The harbor master’s house was a wide building of red brick settled on the edge of the water. Banners of the Great Tree hung from the archway above its wide bronze doors. Balasar announced himself to the secretary and was shown to a private room. He accepted the offer of cool wine and dried figs, asked for and received the tools for writing the report now required of him, and gave orders that he not be disturbed until his men arrived. Then, alone, he opened his satchel and drew forth the books he had recovered, laying them side by side on the desk that looked out over the port. There were four, two bound in thick, peeling leather, another whose covers had been ripped from it, and one encased in metal that appeared to be neither steel nor silver, but something of each. Balasar ran his fingers over the mute volumes, then sat, considering them and the moral paradox they represented.

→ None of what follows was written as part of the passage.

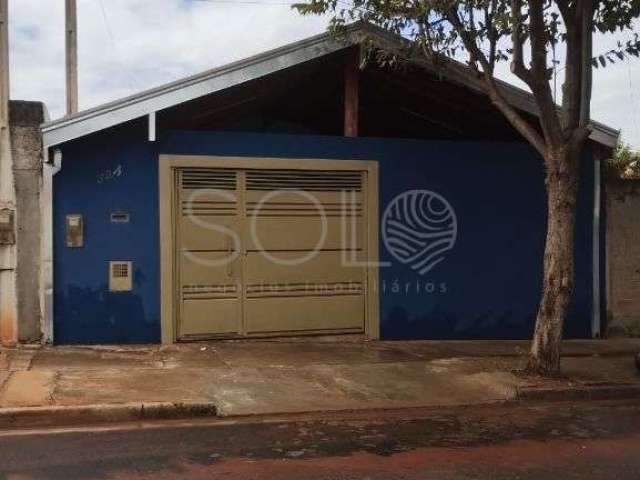 Casa para venda no vale Verde com 3 quartos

For these, he had spent the lives of his men. While the path back to Galt was nothing like the risk he had faced in the ruins of the fallen empire, still it was sea travel. There were storms and pirates and plagues. If he wished to be certain that these volumes survived, the right thing would be to transcribe them here in Parrinshall. If he were to die on the journey home, the books, at least, would not be drowned. The knowledge within them would not be lost.

Which was also the argument
against
making copies. He took the larger of the leather-bound volumes and opened it. The writing was in the flowing script of the dead empire, not the simpler chop the Khaiem used for business and trade with foreigners like himself. Balasar frowned as he picked out the symbols his tutor had taught him as a boy.

There are two types of impossibility in the andat: those which cannot be understood, and those whose natures make binding impossible.
His translation was rough, but sufficient for his needs. These were the books he’d sought. And so the question remained whether the risk of their loss was greater than the risk posed by their existence. Balasar closed the book and let his head rest in his hands. He knew, of course, what he would do. He had known before he’d sent Eustin and Coal to find a boat for them. Before he’d reached Far Galt in the first place.

It was his awareness of his own pride that made him hesitate. History was full of men whom thought themselves to be the one great soul who power would not corrupt. He did not wish to be among that number, and yet here he sat, holding in his hands the secrets that might remake the shape of the human world. A humble man would have sought counsel from those wiser than himself, or at least feared to wield the power. He did not like what it said of him that giving the books to anyone besides himself seemed as foolish as gambling with their destruction. He would not even have trusted them to Eustin or Coal or any of the men who had died helping him.